Avatar is just recycled CGI Fern Gully anyway
It's a motif as old as time. Foreign invader getting Stockholm Syndrome with the natives. Another famous example is Dances With Wolves. That film called The Great Wall as well. Some versions of Robin Hood has it. Anthropologists call it Going Native, which is what Carlos Castañeda did.
But they're not all about economic expansionism
I saw the film in a theater with someone who wanted to impress upon me that someone pointed out to her how alike it was to what happened to indigenous peoples in the Americas (someone else had pointed that out to her, so she assumed I wouldn't get it on my own). I was like, if you think that's a novel observation, you really need to be hit in the face with concepts to understand things. It couldn't have been more obvious.

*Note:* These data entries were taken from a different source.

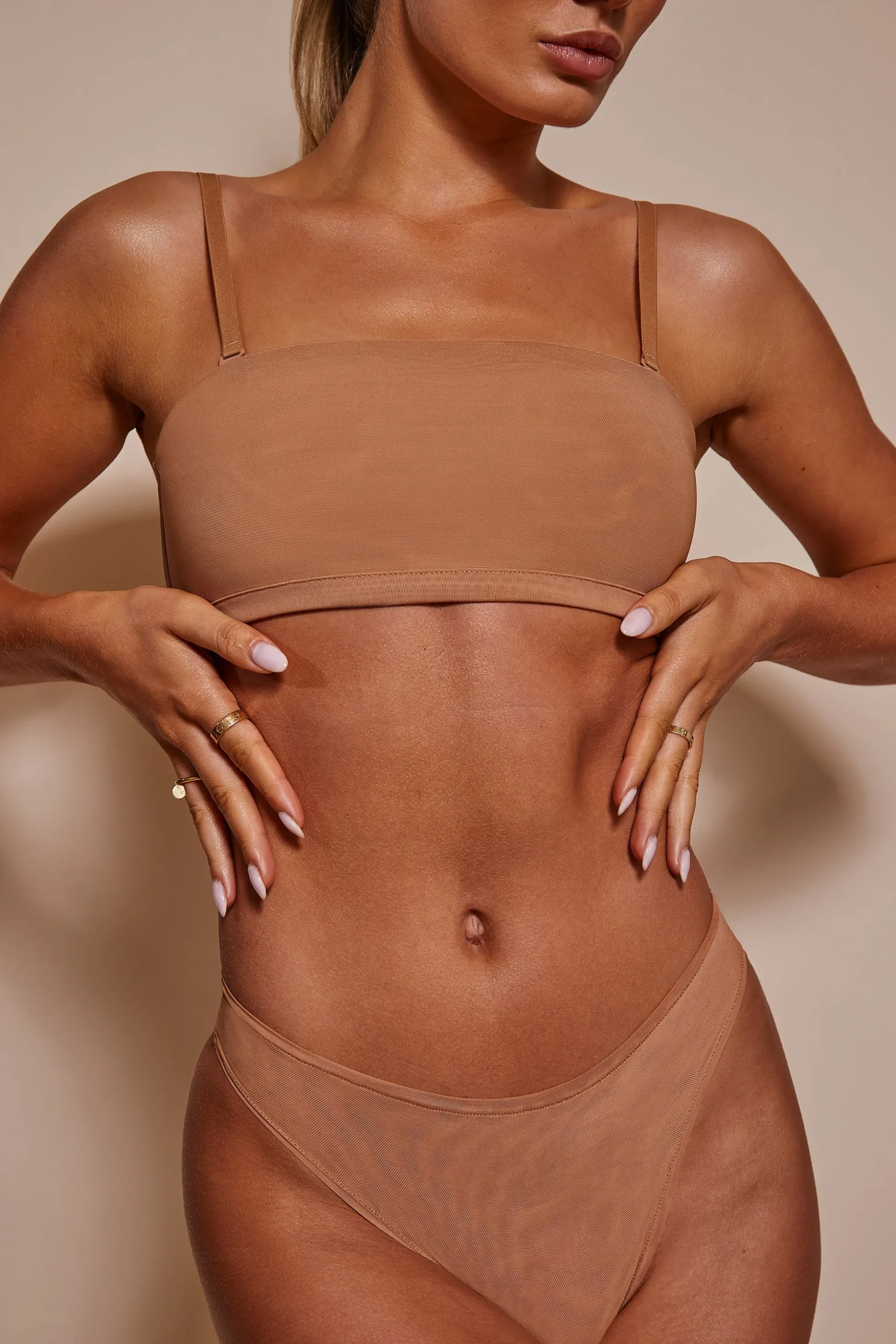 Oh Polly Lounge & Intimates | Bride To Be^Soft Mesh Bandeau Bra in Honey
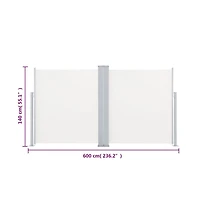 Retractable Side Awning Cream 55.1"x236.2"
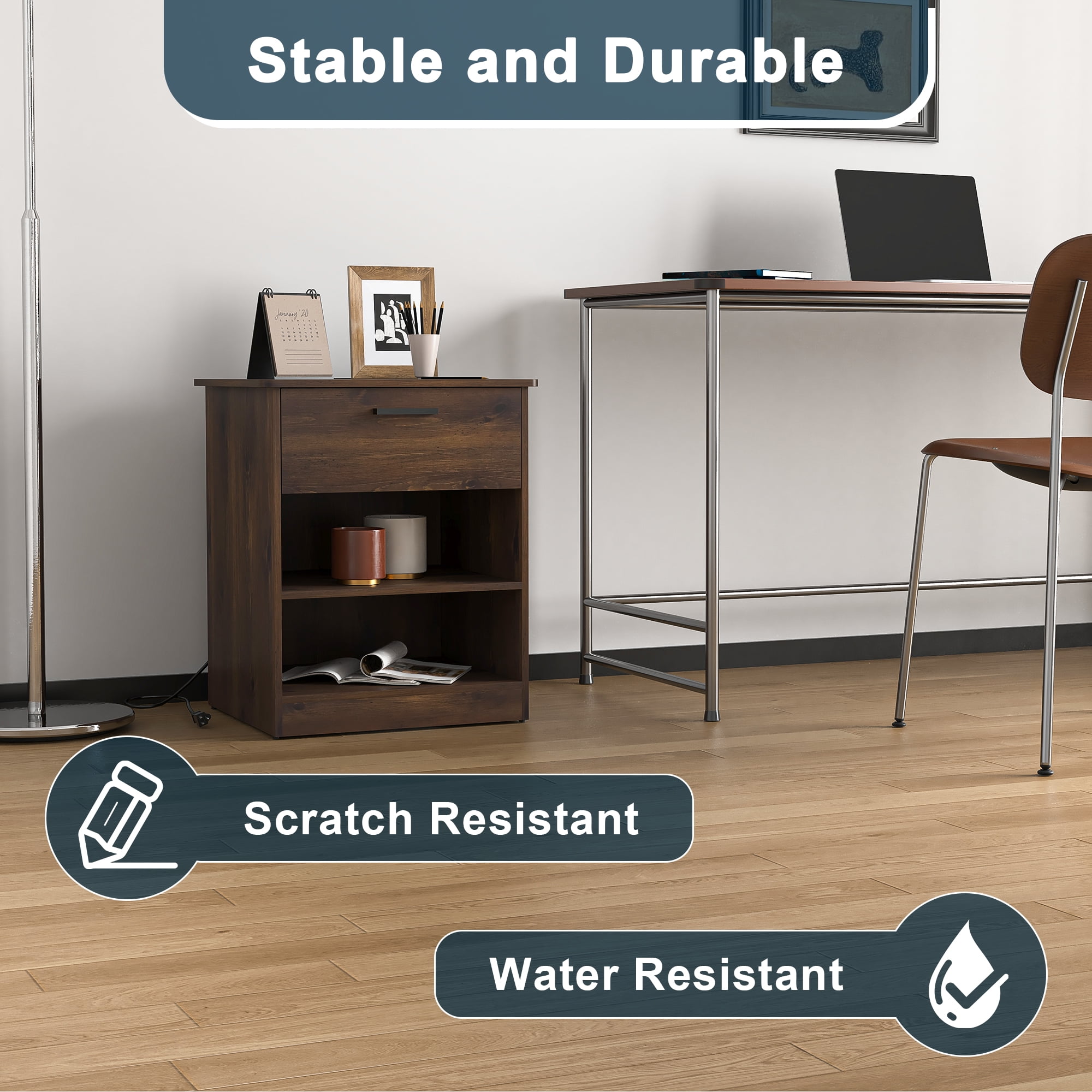 Demi Bonn 18.9" Side Table with Fast Charging Station USB C Cable Fast Charging, Wood End Table Nightstand with Drawer and Shelf for Living Room, Brown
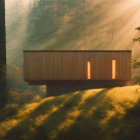 Modern wooden cabin in forest with sunbeams and mist shadows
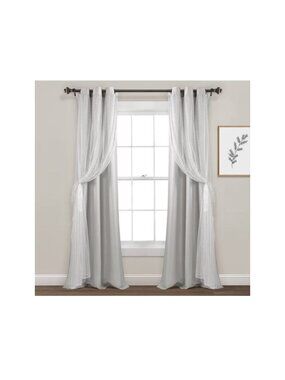 Cottage Polka Dot Sheer Window Curtain Panel Set of 2-38" x 84" Light Gray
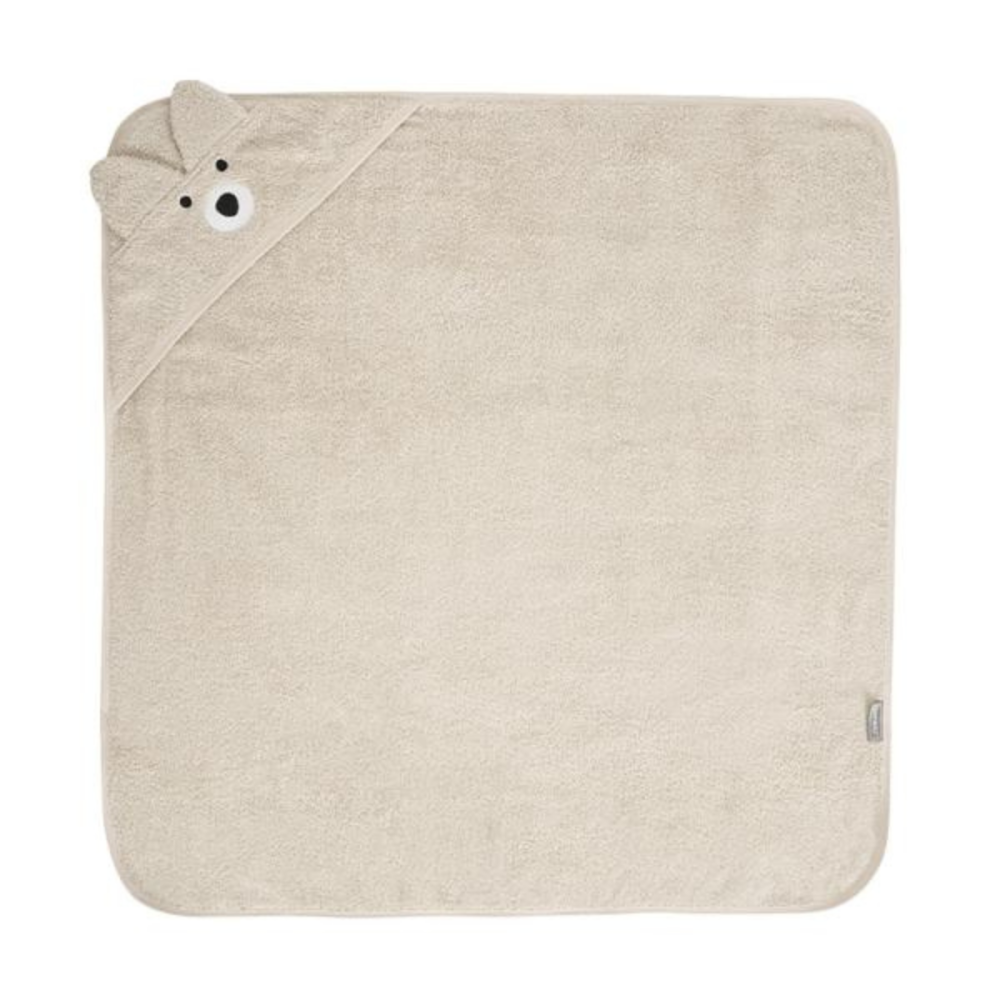 Prosop de baie cu gluga si broderie, Lorelli, 90 x 90 cm, bumbac, Soft Beige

But maybe that highlights how much some people just aren't observant or introspective or whatever else. It would explain a lot.
Yeah man, we all understood that the first time around when it was called Fern Gully.
Like Avatar if you want but like.... it is not a deep piece of media with hard-to-discern messaging. Shit is pretty clear.
One time I unmatched someone from a dating app because the second avatar movie was coming out and they said that it was weird of me to say that the alien people were supposed to represent Native Americans because "they're just blue aliens why would you compare them to real life?"
Apparently media literacy makes you a weirdo?
Yes it definitely makes you weird. Turn the brain off and consume the media like a good little sheep (/s if it wasn't obvious)
Fucking Tarzan was fighting evil white exploiters of pristine Africa in books back in the early 1900s.
A good white saviour from the evil white people, because the indigenous can't do it for themselves. Just like in Ferngully and Avatar.
Are there even any indigenous people in Tarzan? I haven't read the book, but from the movie I only remember his gorilla buddy and the little elephant. I think Tarzan is more about rebelling against civilization in general, instead of colonization in specific (which James Cameron's Avatar is). It's very post-industrialization in that sense.
Edit: Whoops, just read the synopsis on Wikipedia. I don't think Tarzan is the white saviour you're looking for...
Which Tarzan book did you read the synopsis for? Burroughs wrote 24 of them.
Sorry, it wasn't as much a synopsis as it was the criticism section: https://en.wikipedia.org/wiki/Tarzan#Themes_of_gender_and_race
Looking at it now, I see citations for the essays, but not for the factual claims made by those essays, so I hope the editor who wrote it didn't take their word for it.
I can't decide if I should post the "wait, it's all the failures of capitalism?" or "wait, it's all systemic racism?" meme, cuz it's wait it's all both (always has been).
That was not a subtle theme...
Explore, exploit, exterminate.
Satisfactory music starts playing
Paved paradise, put up a parking lot.
It is also about settler colonialism. There are natural gas fields off the coast of Gaza.
Imperialism is the highest stage of capitalism.
Avatr is about capitalism
That wasn't glaringly obvious to everyone?
Well it's literally Pocahontas in space so more obvious comparison is to the colonialism. They could grow gardens and farms while destroying the natives, the movie would have been the same.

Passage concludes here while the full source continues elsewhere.